Biotechnology in general and genetic engineering in particular will produce the dominant legal issues of the twenty-first century. Biotechnology will have a greater impact on the law than the information revolution of the twentieth century not simply because it implicates so deeply the full spectrum of human issues from personal health to familial and social relationships to national and world demographics-the subject of this Article’s Part I-but because biotechnology will also force a choice among distinct worldviews that many of us are not prepared to make-the subject of Part II. The emerging conflict between these worldviews is obvious in the competing legislation and legislative proposals currently challenging the technical knowledge and social foresight of foreign, federal, and state governments-the subject of Part III. Put another way, Part I surveys biotechnology’s present and potential impact on traditional socio-legal issues. Part II surveys the worldviews historically and currently influencing the law and shows how biotechnology forces a choice between those views. Part III surveys current biotechnology legislation as an indicator of the broad, general, and specific impact to come. The conclusion elaborates on the personal and jurisprudential challenges and opportunities biotechnology creates.

Bench & Bar

The Looming Collapse of Restrictions on Judicial Campaign Speech
Nat Stern, 38 Seton Hall L. Rev. 63(2008)

While a pessimistic forecast for judicial campaign restrictions is not novel, this Article examines their dim prospects from a variety of perspectives. Part I provides a brief overview of judicial elections and the evolution of campaign speech codes, the Court’s reasoning in White, and the decision’s aftermath. Part II characterizes White as one of a series of major decisions whose full implications have unfolded in phases. To support the thesis that White’s reach will far transcend the announce clause, this Part first argues that an expansive construction offers a more coherent explanation of the Court’s opinion than assuming leniency toward other restrictions. The pattern of lower court rulings confirms and reinforces this understanding of White. In addition, realistically considered, a hostile stance toward curbing judicial campaign expression appears more consistent with the ideological preferences of the Court’s majority. Finally, White resembles decisions in other areas in which an ultimately expansive doctrine was somewhat obscured by the specific setting in which it arose. Assuming this strict approach, Part III describes how specific restrictions on candidates’ speech and related activity can be invalidated. Part IV briefly surveys the likely landscape of an elected judiciary unhampered by enforceable campaign restrictions, and notes alternatives available to critics of politicized judicial races.

International

Law as Affiliation: "Foreign" Law, Democratic Federalism, and the Sovereigntism of the Nation-State
Judith Resnik, 6 Int’l J. Const. L. 33 (2008)

This essay explores the role that law plays in marking the identity of a nation-state and the concerns–which I gather under the term sovereigntism– that animate interest in dictating what position “foreign” law ought to play as a domestic resource in adjudication.

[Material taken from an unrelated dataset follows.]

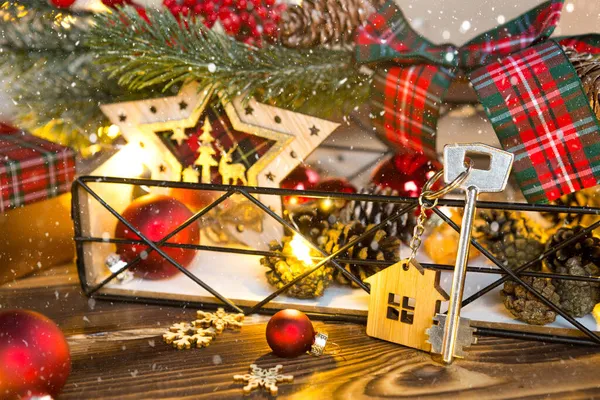 Sleutel Van Het Huis Met Een Sleutelhanger Een Tafel Met — Stockfoto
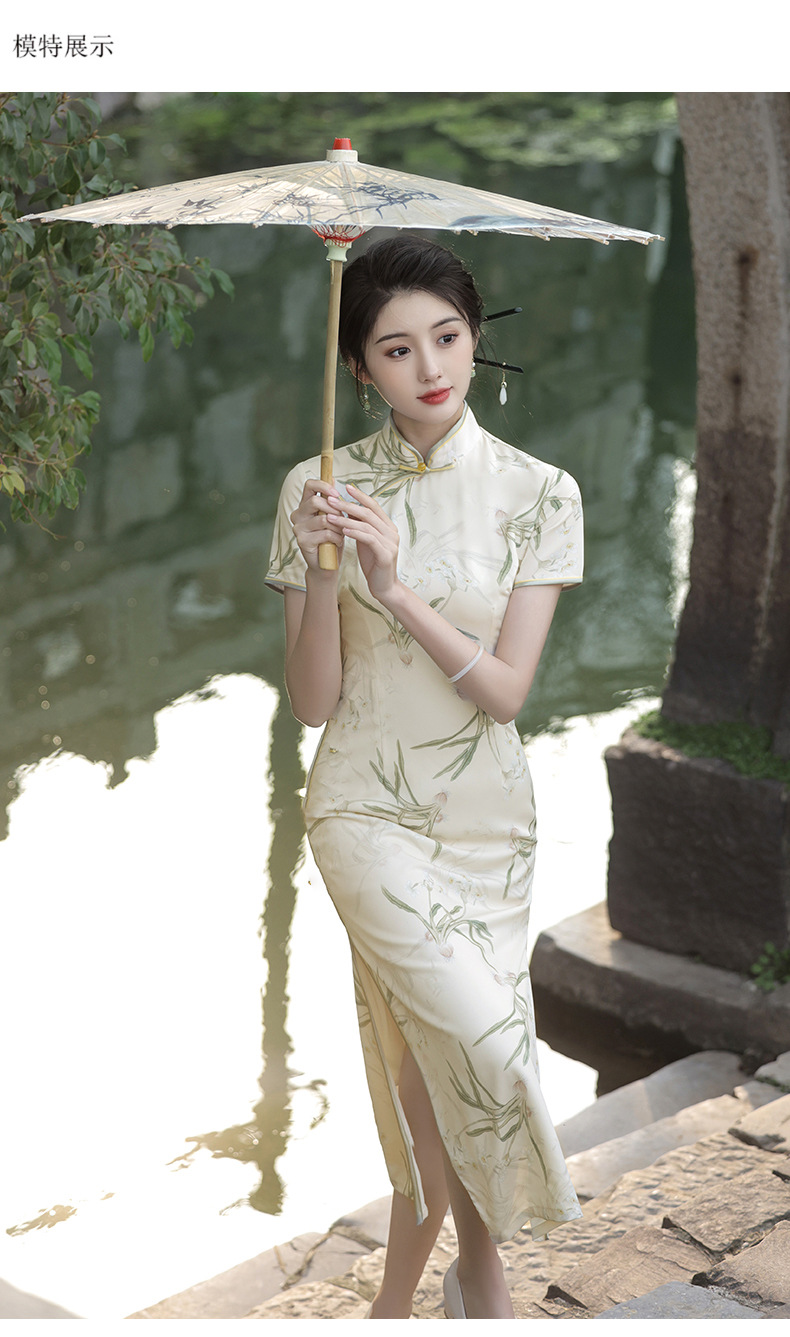 A new short-sleeved mid-length dress with a new Chinese style, a slimming and form-fitting look, and an improved printed cheongsam pic 3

In some countries such as the United States, opposition to “foreign” law has a long pedigree, exemplifying an exclusivist form of sovereigntism. In contrast, South Africa’s Constitution is also sovereigntist but inclusively so, directing its jurists–as an expression of that nation’s identity–to consider international law. After showing why exclusivist sovereigntism cannot succeed as a practice in barring law’s migration and how it is wrong as a theory of democracy, I commend engaging in important questions raised by sovereigntism: whether the import and export of law ought to be regulated by national law, what legal actors ought to be active in the trade in law, and how sovereigntism illuminates human aspirations to use law to make distinctive identities for nation-states.